Breast screening exams from the Breast Cancer Surveillance Consortium reveal disparities in access to improved detection technologies
UC Davis School of Medicine Professor and Division Chief of Biostatistics Diana Miglioretti was among a team of researchers that conducted a cross-sectional study recently published in JAMA Network Open. Researchers evaluated accessibility to, and usage of, digital breast tomosynthesis (DBT) based on a variety of factors including race, ethnicity, education and income.
“We were concerned that new technologies could widen persistent disparities in breast cancer mortality if there isn’t equitable uptake by facilities accessed by underserved communities,” Miglioretti said via email.
According to the author contributions of the study, Miglioretti was involved in developing the concept and design of the study, acquiring data, conducting statistical analysis, interpreting the results, obtaining funding and supervising.
Miglioretti has a personal connection to her research that makes early detection of cancer especially important to her.
“My great-grandmother died of breast cancer in her early 30s and my grandmother and aunt were both diagnosed with breast cancer in their 40s,” Miglioretti said. “All eligible individuals in the US should have access to high-quality screening and follow-up care.”
According to the study, prospective trials and observational studies reveal that DBT, also known as 3-dimensional mammography, can be used to improve breast cancer screening outcomes when compared to digital mammography, more commonly known as DM, or 2-dimensional mammography.
DBT is a “relatively new technology,” according to a FAQ published by the FDA.
“3D mammography improves screening performance through lower false positive rates and small increases in cancer detection for some subgroups of individuals,” Miglioretti said. “If underserved communities do not have access to this new technology, they do not get to benefit from these improvements.”
Professor of Radiology at the University of Washington School of Medicine Christoph Lee said that underserved populations are usually the last to have access to new medical technologies.
“If 3D mammography does not diffuse into clinical settings in an equitable fashion, then differential technology adoption could exacerbate existing screening outcome disparities,” Lee said via email.
The results of the study lead to the general conclusion that women of minority races and ethnicities along with those of lower socioeconomic statuses have less access to DBT screening.
“Access to the best diagnostic tools for detecting breast cancer shouldn’t depend on your zip code or your income level,” said Associate Professor of Radiology at the UC Davis School of Medicine and Chief of the Breast Imaging Section Shadi Aminololama-Shakeri, via email. “That’s why this type of research is critical to enveil existing healthcare disparities. Only then can we start to address these inequalities and help patients access the latest lifesaving screening technology that gives us the best chance at detecting cancer.”
In particular, only 37.7% of Black women, 44% of Hispanic women, and 42.8% of Asian Americans were able to acquire DBT when both screening technologies were available.

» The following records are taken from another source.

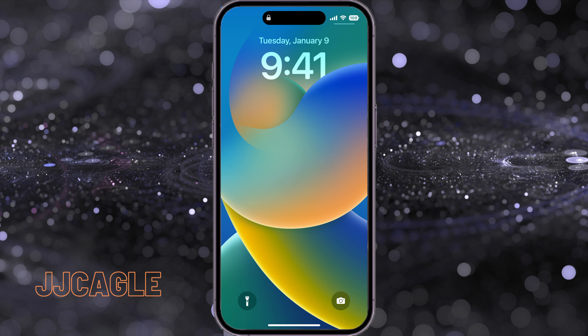Hey everybody, JJ Cagle here. Today we're going to be looking at how to change your lock screen, home screen, and focus with one tap. What this does is link your lock screen, home screen, and focus all together — so if you want to enable focus, you can change your lock screen, and if you want to change your lock screen, you can enable a focus, which will also change your home screen.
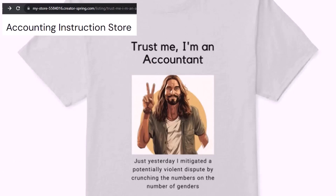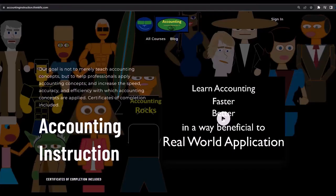It's paramount that you let people know that you're an accountant because apparently we're among the only ones equipped with the number crunching skills to answer society's current deep, complex, and nuanced questions. If you would like a commercial free experience, consider subscribing to our website at accountinginstruction.com or accountinginstruction.thinkific.com.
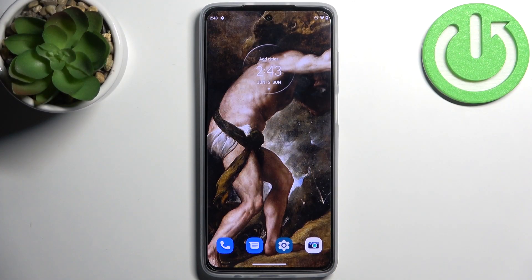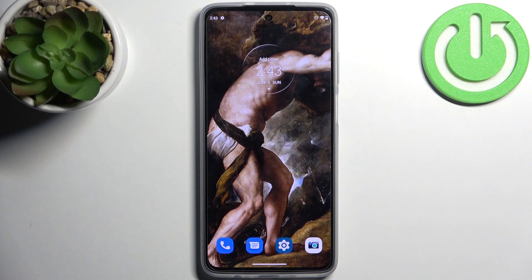Here I have Motorola Moto G52 and today I'm going to show you how to enable custom watermark in camera on this device.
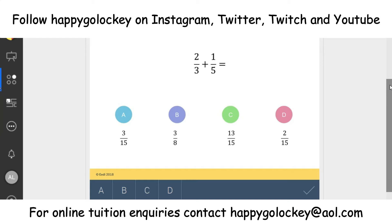The question goes as follows: two thirds plus one fifth equals. And the options are: is it three fifteenths? Is it three eighths? Is it thirteen fifteenths? Or two fifteenths? Press pause, have a go at the question, think about what's right and wrong and why, because it will help you understand about justifying your answers.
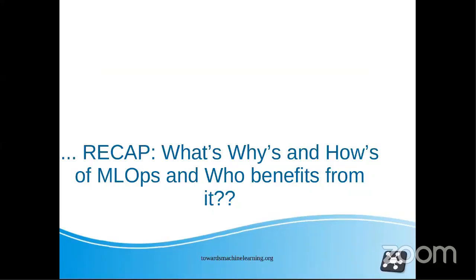There were different topics we had discussed, like data drift in brief, why we need to monitor a model, and how that can be done using MLOps as a concept. We'll do that today in detail.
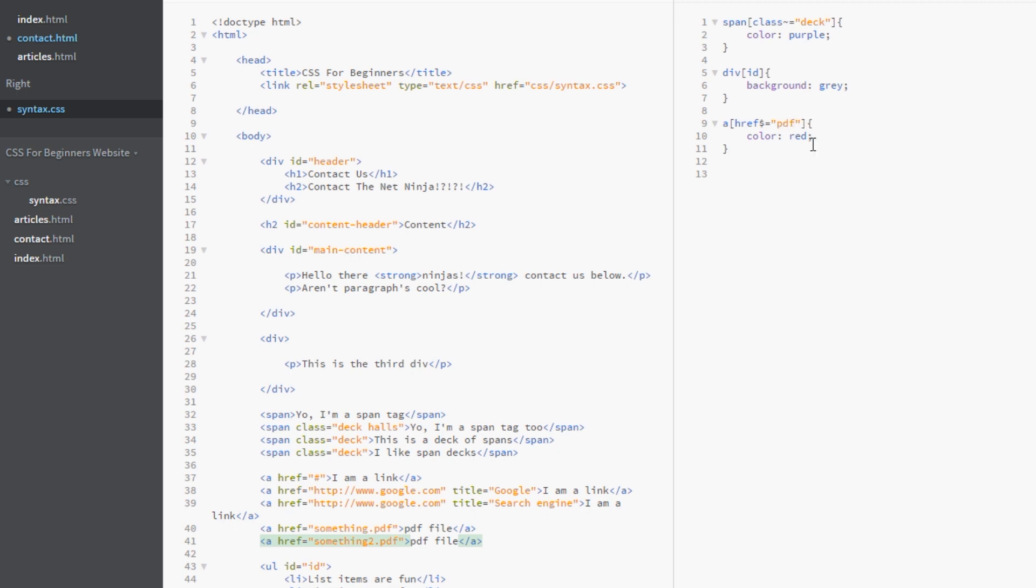And then if we put pdf, what we're saying here, guys, is that grab all the A links that have an href attribute associated with it that ends in pdf. That's what this dollar sign means, end in pdf. So it's dollar sign equals pdf. Okay.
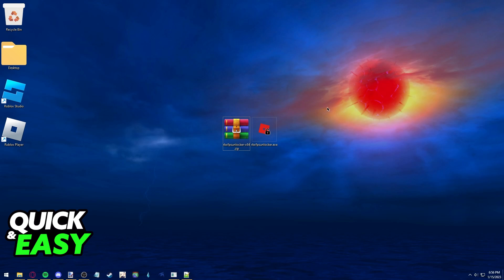After you use the Roblox FPS Unlocker, it should look like this. It's an executable file that you open and you can play Roblox with your FPS unlocked.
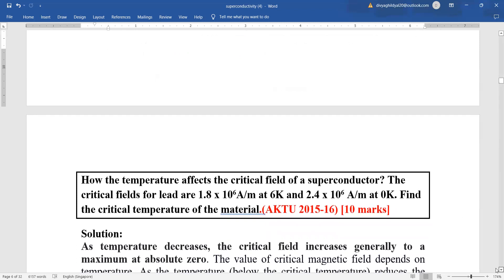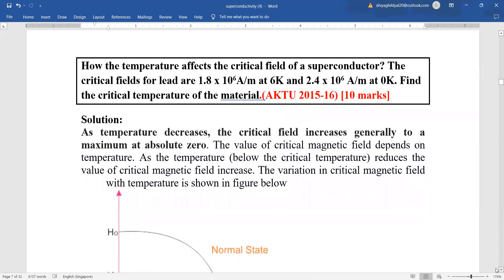In your exam, 10-mark or 7-mark questions are asked on the formula BT = B₀ · (1 − T/Tc)². For a 10-mark question on how temperature affects the critical field, 2 marks are for theory, 1-2 marks for writing the formula, 1 mark to explain each term, 1 mark for correctly substituting values, 1 mark for solving and unit conversion, and 1 mark for the correct numerical answer.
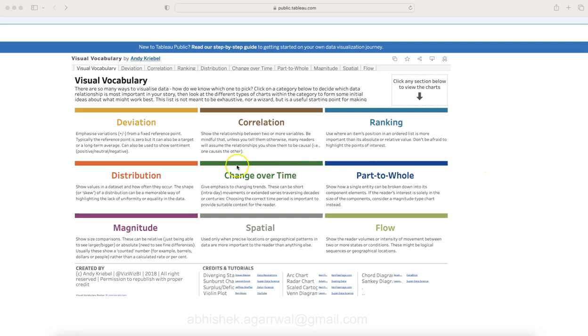Hello there and welcome to the new video where I want to show you something very interesting, something you should keep as your handbook or bookmark—something which you need whenever you are developing visualization.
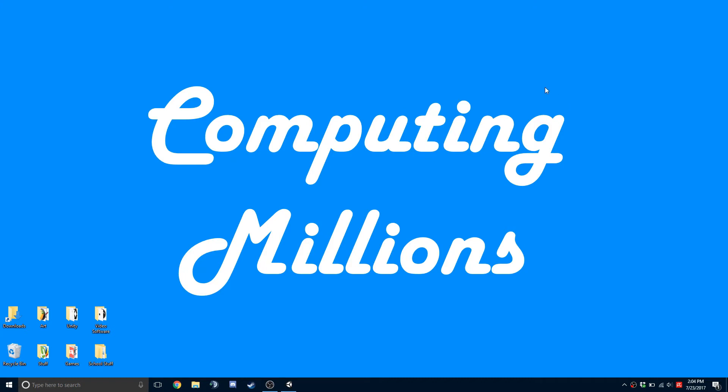Hi everyone, welcome to Computing Millions. So today we're going to be talking about Unity's UNet and we're going to be going into how to set up the initial parts, like the network manager and that stuff, so you can start making your first multiplayer game.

Additionally, while 50.6% of women with a college degree obtained DBT, only 40.8% of women with less than a highschool diploma were able to access this technology.
“It is important to identify inequalities in the diffusion of new technologies so that healthcare providers, policy makers and advocacy groups can focus on ways to ensure more equitable access to these technologies,” Miglioretti said.

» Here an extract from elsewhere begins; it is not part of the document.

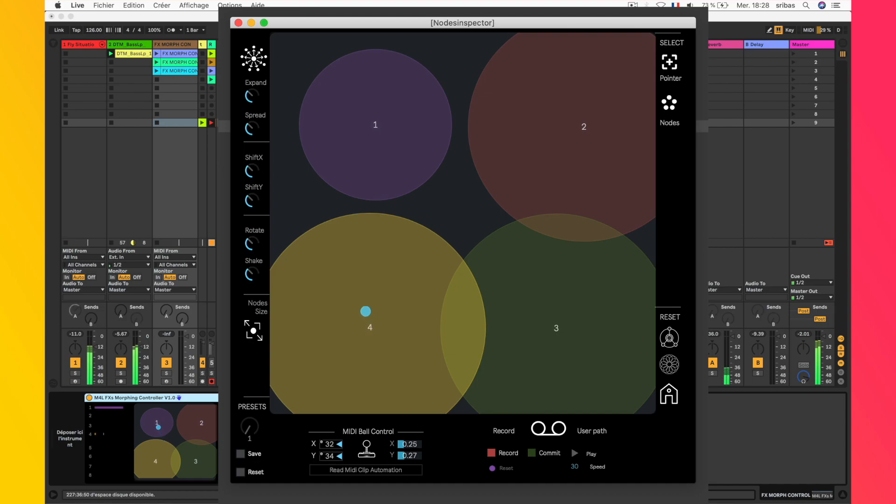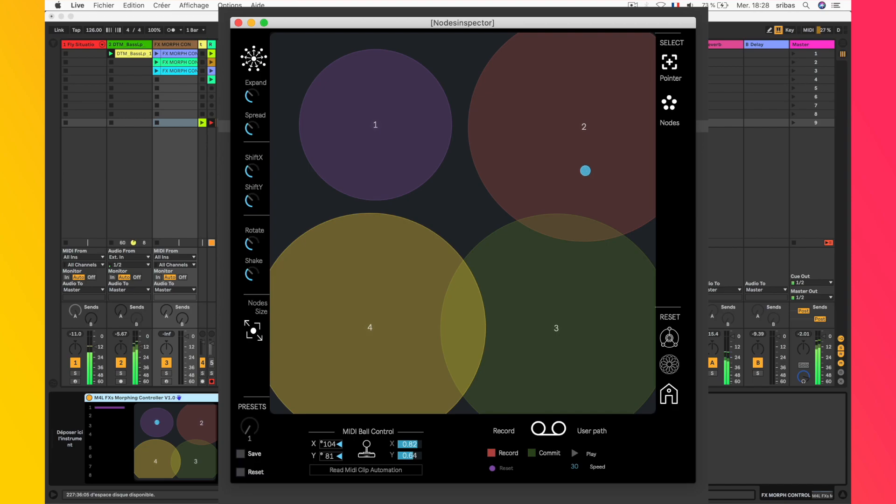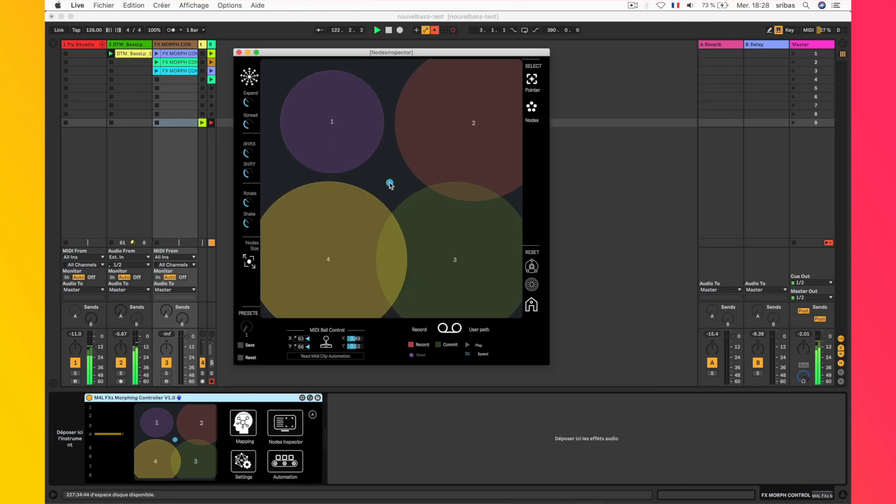Each parameter controlled by the plug-in is materialized by a sphere. Morphing is done through a ball that the user can move into a specific zone. The closer the ball is to the center of the node, the more effect will be felt.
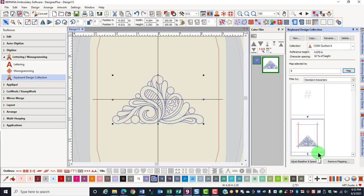This keyboard stroke can now be used to add that design to your design screen.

Similarly, only 43.9% of women living in zip codes associated with the lowest income quartiles obtained DBT in comparison to the 51.4% of women in the highest income quartile.
“We need more clear guidance on what subpopulations of women are most likely to benefit from 3D mammography, and to lower barriers to access for these women,” Lee said. “These include providing evidence to third-party payers for clinical effectiveness of 3D mammography in specific populations.”
These results were determined from approximately 2.3 million “routine screening mammography examinations among women aged 40 to 89 years,” collected from 92 imaging facilities in five different states between Jan. 1, 2011 and Dec. 31, 2017, according to the study. This data was provided by the Breast Cancer Surveillance Consortium.
“The Breast Cancer Surveillance Consortium is unique in that all of their facilities prospectively collect very detailed woman-level information at each imaging exam,” Lee said. “This allowed us to associate individual social determinants of health with their exam-level outcomes.”
Miglioretti said classifying individuals as coming from an underserved community proved to be a challenging task.
“We used crude measures based on self-reported race/ethnicity and education and geocoded measures of income and rural/urban residence,” Miglioretti said. “In future research, we would like to evaluate other measures of social determinants of health including measures of structural racism.”
Miglioretti said that one of her top priorities is providing high-quality health care for all by ensuring each individual has access to high-quality screening, follow-up and treatment.
“At UC Davis, 3D mammography is available to every woman who walks through our doors,” Shakeri said.